Russia has given the most sombre assessment so far of its invasion of Ukraine, describing the “tragedy” of mounting troop losses and the economic hit from sanctions, as Ukrainians were evacuated from eastern cities before an anticipated major offensive.

Apr 08, 2022, updated Apr 08, 2022
ADDS THAT THE PERSONNEL CARRIER IS RUSSIAN - A Russian armored personnel carrier burns amid damaged and abandoned light utility vehicles after fighting in Kharkiv, Ukraine, Sunday, Feb. 27, 2022. The city authorities said that Ukrainian forces engaged in fighting with Russian troops that entered the country's second-largest city on Sunday. (AP Photo/Marienko Andrew)

ADDS THAT THE PERSONNEL CARRIER IS RUSSIAN - A Russian armored personnel carrier burns amid damaged and abandoned light utility vehicles after fighting in Kharkiv, Ukraine, Sunday, Feb. 27, 2022. The city authorities said that Ukrainian forces engaged in fighting with Russian troops that entered the country's second-largest city on Sunday. (AP Photo/Marienko Andrew)

Moscow’s six-week long incursion has seen more than four million people flee abroad, killed or injured thousands, turned cities into rubble and led to sweeping sanctions on Russian leaders and companies.
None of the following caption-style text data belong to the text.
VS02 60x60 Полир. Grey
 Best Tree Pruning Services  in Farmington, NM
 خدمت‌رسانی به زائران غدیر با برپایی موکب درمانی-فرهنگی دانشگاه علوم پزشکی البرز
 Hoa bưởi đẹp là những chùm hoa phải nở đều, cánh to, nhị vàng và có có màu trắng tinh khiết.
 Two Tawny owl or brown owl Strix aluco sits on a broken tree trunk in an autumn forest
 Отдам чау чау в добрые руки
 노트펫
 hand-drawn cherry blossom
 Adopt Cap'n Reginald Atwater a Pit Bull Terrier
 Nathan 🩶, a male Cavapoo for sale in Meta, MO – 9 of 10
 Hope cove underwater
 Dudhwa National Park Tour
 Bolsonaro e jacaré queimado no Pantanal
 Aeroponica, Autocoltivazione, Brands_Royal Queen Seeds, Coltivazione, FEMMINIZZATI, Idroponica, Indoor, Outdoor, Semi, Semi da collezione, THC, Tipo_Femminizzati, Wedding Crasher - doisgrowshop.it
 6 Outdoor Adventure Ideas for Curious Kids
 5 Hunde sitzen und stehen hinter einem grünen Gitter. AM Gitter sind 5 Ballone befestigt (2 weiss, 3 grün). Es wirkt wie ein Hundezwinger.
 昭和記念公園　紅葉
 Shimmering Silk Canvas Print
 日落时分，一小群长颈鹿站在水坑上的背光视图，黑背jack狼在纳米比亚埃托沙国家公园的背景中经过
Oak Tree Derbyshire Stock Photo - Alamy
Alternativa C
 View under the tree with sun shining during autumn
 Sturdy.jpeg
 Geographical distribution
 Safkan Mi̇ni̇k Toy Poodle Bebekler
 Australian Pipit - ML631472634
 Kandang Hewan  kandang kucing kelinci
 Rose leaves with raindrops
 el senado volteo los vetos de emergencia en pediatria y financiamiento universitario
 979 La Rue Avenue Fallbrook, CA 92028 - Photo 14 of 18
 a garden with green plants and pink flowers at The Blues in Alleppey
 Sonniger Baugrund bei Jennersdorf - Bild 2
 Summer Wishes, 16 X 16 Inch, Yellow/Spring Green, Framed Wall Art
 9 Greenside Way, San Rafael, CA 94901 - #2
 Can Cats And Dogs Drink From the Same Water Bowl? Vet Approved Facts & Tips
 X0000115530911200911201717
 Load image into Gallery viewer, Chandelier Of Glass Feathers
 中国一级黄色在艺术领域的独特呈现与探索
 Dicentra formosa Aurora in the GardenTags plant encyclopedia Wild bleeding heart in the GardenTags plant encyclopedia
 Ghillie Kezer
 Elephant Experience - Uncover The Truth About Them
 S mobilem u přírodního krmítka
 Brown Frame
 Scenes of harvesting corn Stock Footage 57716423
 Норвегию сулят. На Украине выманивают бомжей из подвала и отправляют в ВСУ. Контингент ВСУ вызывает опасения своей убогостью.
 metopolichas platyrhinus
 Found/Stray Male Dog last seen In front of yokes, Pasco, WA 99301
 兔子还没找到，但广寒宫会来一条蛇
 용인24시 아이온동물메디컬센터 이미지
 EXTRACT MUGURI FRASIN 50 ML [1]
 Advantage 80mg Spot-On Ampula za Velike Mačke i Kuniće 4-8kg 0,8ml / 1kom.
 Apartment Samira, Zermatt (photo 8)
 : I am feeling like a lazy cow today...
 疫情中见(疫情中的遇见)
In a symbolic move, the United Nations General Assembly suspended Russia from the UN Human Rights Council, expressing “grave concern at the ongoing human rights and humanitarian crisis.” Russia then quit the council.

Moscow has previously acknowledged its attack has not progressed as quickly as it wanted, but on Thursday Kremlin spokesman Dmitry Peskov lamented the rising death toll.

“We have significant losses of troops,” he told Sky News.

“It’s a huge tragedy for us.”

Russia is facing its most difficult economic situation for three decades due to unprecedented Western sanctions, Prime Minister Mikhail Mishustin said. The US Congress removed its “most favoured nation” trade status in a further blow.

Russia launched what it calls a “special military operation” on February 24 to demilitarise and “denazify” Ukraine. Kyiv and its Western allies reject that as a false pretext.

Following new restrictions after the killing of civilians in the town of Bucha that were widely condemned by the West as war crimes, Ukraine called on allies to stop buying Russian oil and gas, amid divisions in Europe, and to boost it militarily.

“Ukraine needs weapons which will give it the means to win on the battlefield and that will be the strongest possible sanction against Russia,” President Volodymyr Zelenskiy said in a video late on Thursday.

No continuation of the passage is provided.